Nelson’s story was inspirational, but there were so many heroes in Grantsville’s run to the state title. Coaches and players point to solid teamwork as the key ingredient which came from several years of working together on and off the field.
“I just think we were successful because we had played together our whole lives since we were 7- and 8-years-old,” said Wyatt Barrus, Transcript-Bulletin Athlete of the Year. “We never missed a year playing baseball together. “Clay (Matthews) and I are a year younger, but we always played up with the seniors on this year’s team.
“We played in Little League, Pony League and Babe Ruth through the entire summers, and in super leagues. And when we weren’t playing regular baseball we were together as buddies playing Wiffle ball or something,” Barrus said.
Seniors on the state championship roster included Nick Arbon, Ky Fisher, Matt Garrard, Dillon Hutchins, Jonas Johnson, Danny Nelson, Wyatt Smith, Dallin Williams and Dylan Winters.
Arbon possessed great range at the vital shortstop position, and fielded several balls that would get through a lot of high school infields. He also was superb as a hitter with a high batting average. He led the team in doubles.
Fisher was phenomenal behind the plate in his first year as the starting catcher. He also got things going for Grantsville in the first state game against Desert Hills with a solo home run in GHS’s 3-2 victory.
Garrard gave Grantsville a strong option as a No. 3 pitcher. He was solid at third base with an arm equipped to gun down opposing runners en route to first base.
Hutchins’ pitching throughout the season was instrumental in leading the Cowboys to the championship. He and Barrus both finished with 8-2 records.
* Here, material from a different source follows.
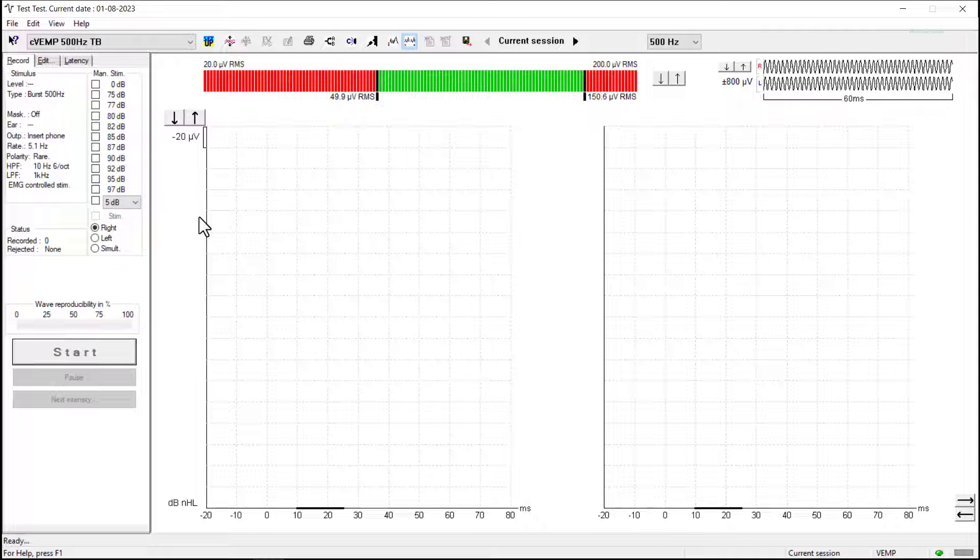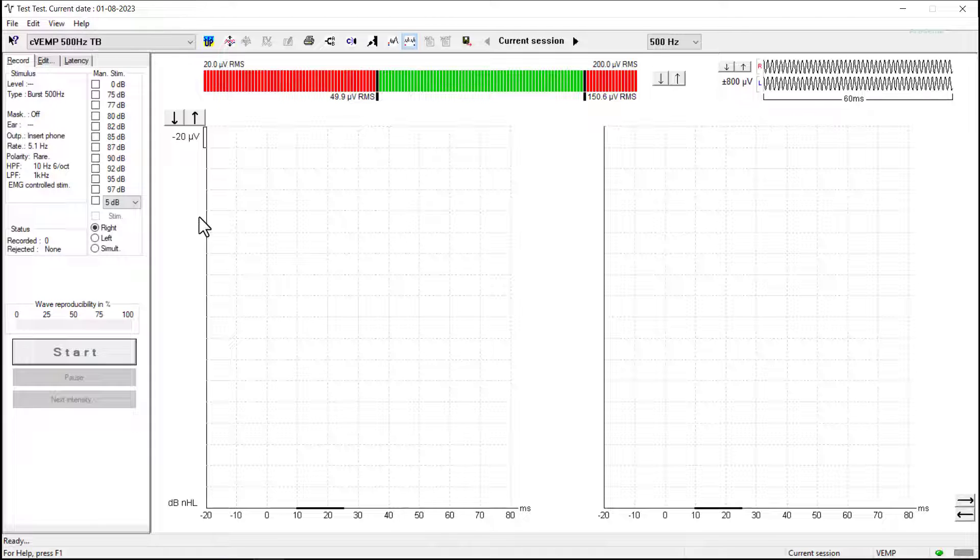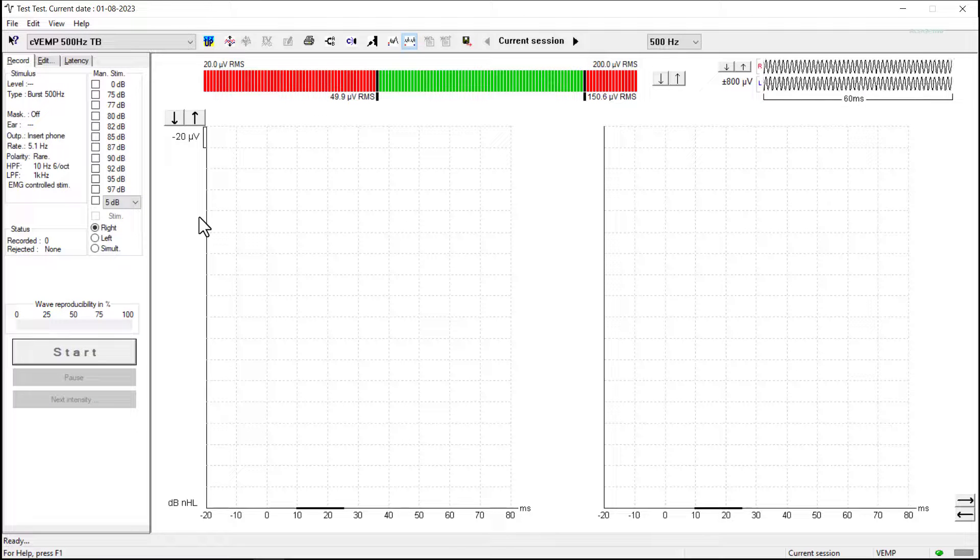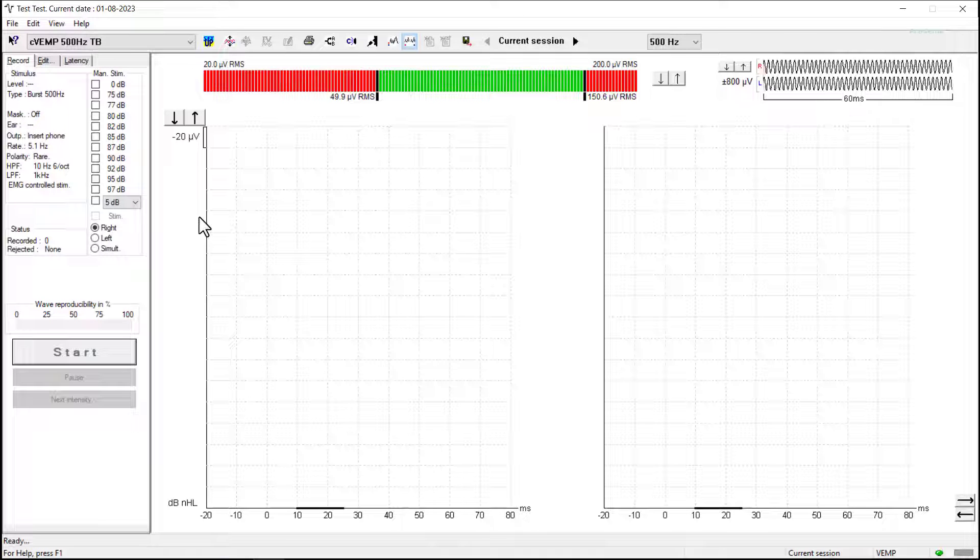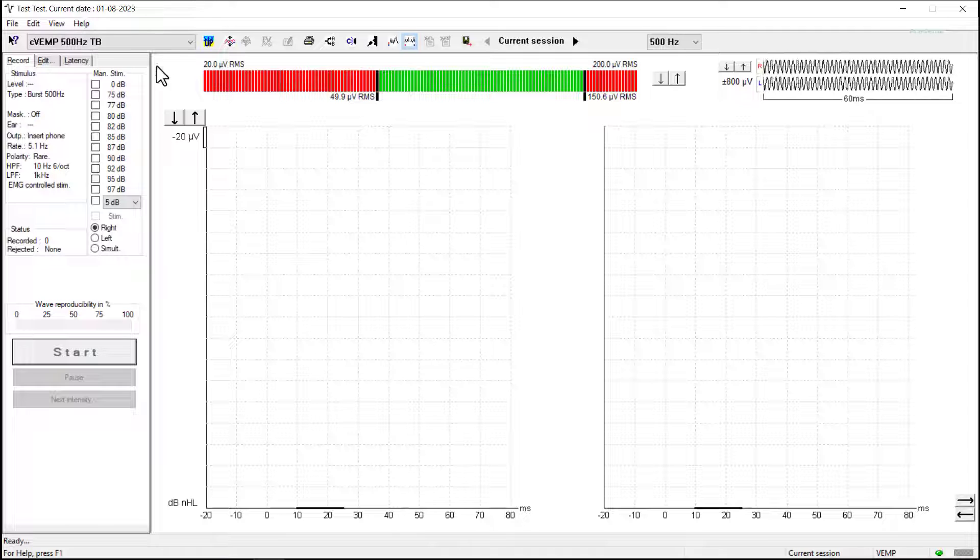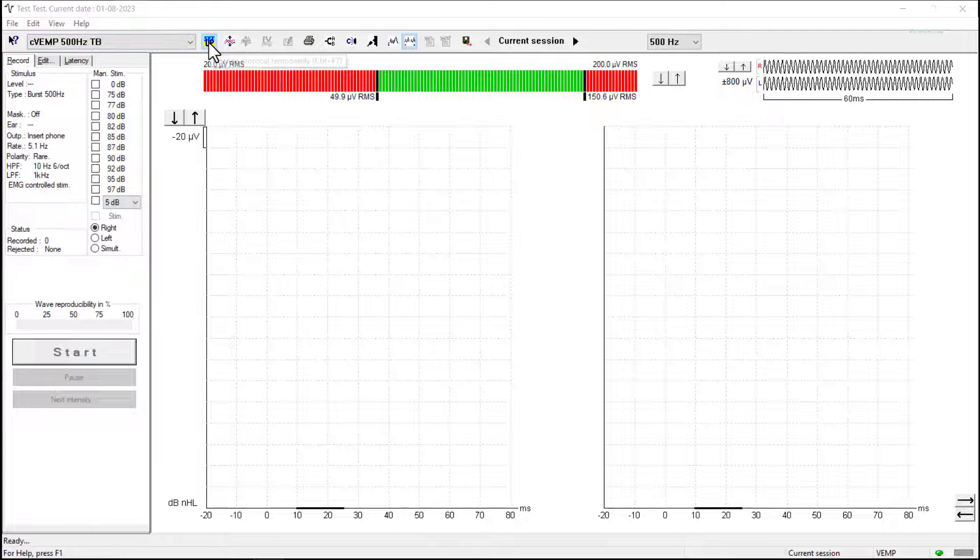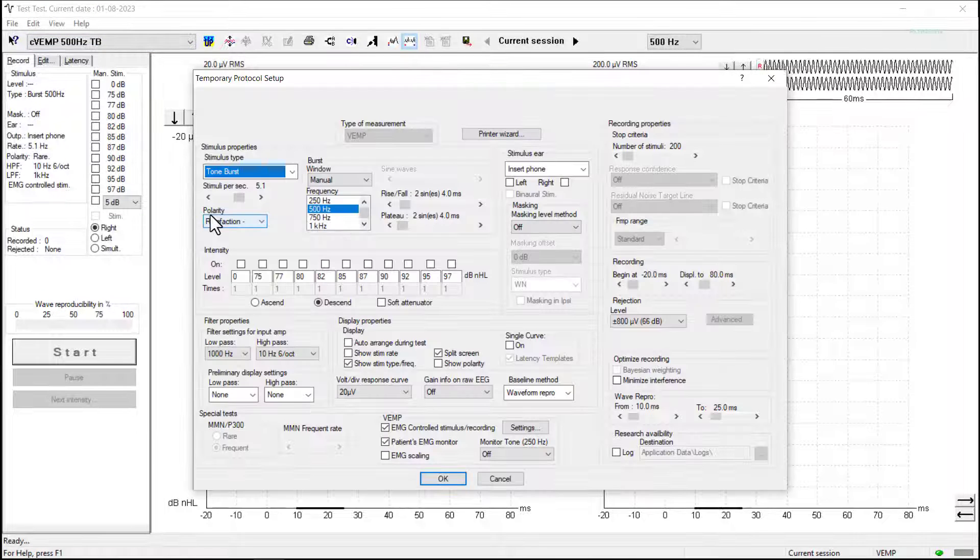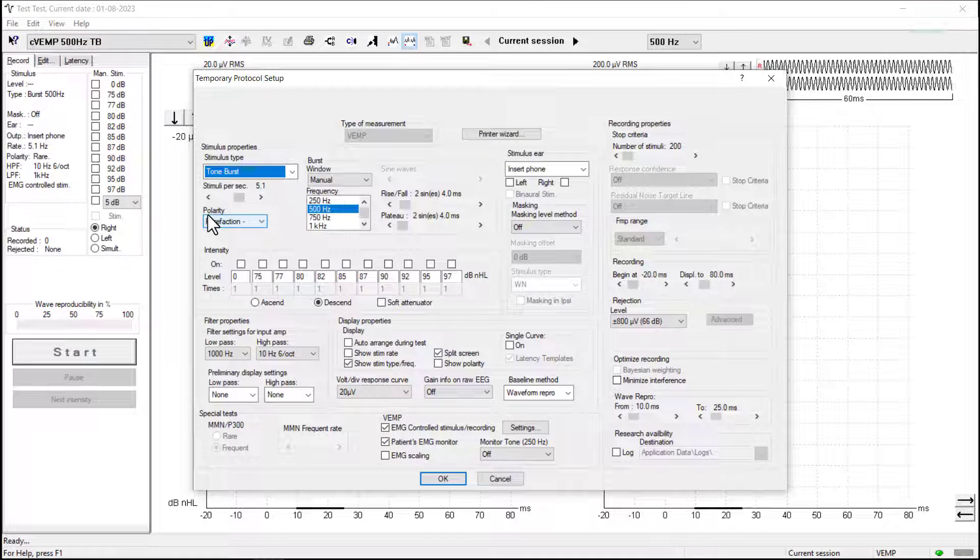With the Eclipse software open, we can take a look at our C-VEMP protocol. There is a default C-VEMP protocol, and if we click on temporary test setup, we can look at the parameters within this.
“I started to pitch well last summer (in American Legion), and looked forward to the high school season,” Hutchins said. The talented senior was superb in holding Desert Hills to two runs May 16, which left Grantsville as the only undefeated team in the tourney headed to the final day the next day.
“They were up 2-0, and I just tried to hit my spots and wanted to keep putting up zeroes on the board for them. I hoped our guys could come up with a few runs — and they did,” Hutchins said.
The three runs in one inning included a home run by Fisher, a squeeze bunt by Hutchins to score Arbon and a stolen base for the third run by Barrus.
“We’re all just best friends rooting for each other. We trusted each other. We trusted that the guy in front of us would get on base, and the guy behind us would bring us around to score,” Hutchins said.
Johnson was solid at the important position of first base, and hustled to chase down towering pop flies for outs.
Coaches applaud Smith as a strong, tough athlete out in right field. The aggressive hitter was often hit by pitches, and he seemed to relish getting on base any way he could. He turned into a fabulous hitter deep in the lineup.
The speedy Williams could chase down fly balls in center field that would pose problems for many outfielders. He was vital as a hitter early in the lineup.
Matthews, of course, stunned all of 3A baseball when he ripped a shot over the left field fence with the bases loaded in Grantsville’s eight-run fourth inning in the final game. The eight runs were just enough to hold off a favored Desert Hills team.
After some of this year’s close victories, coach Loren Anderson recapped the game: “We just kept hanging around, and hanging around and found a way to win.” He was proud of his players’ perseverance, courage and character.
Grantsville appeared to have locked up a region title. It needed one win against Stansbury, but lost 4-3 in 11 innings. It needed a win at home in the final game against Bear River, but lost 13-9.
The Cowboys ended up tied with the Stallions and Bears for the region crown. But all the great pitching and defense paid off when the Cowboys were awarded the top seed because of fewest runs allowed in games against the Stallions and Bears.
It provided the Cowboys with easier games in the first-two games of tournament, plus a home-field advantage.
In the end, all the pieces fit together.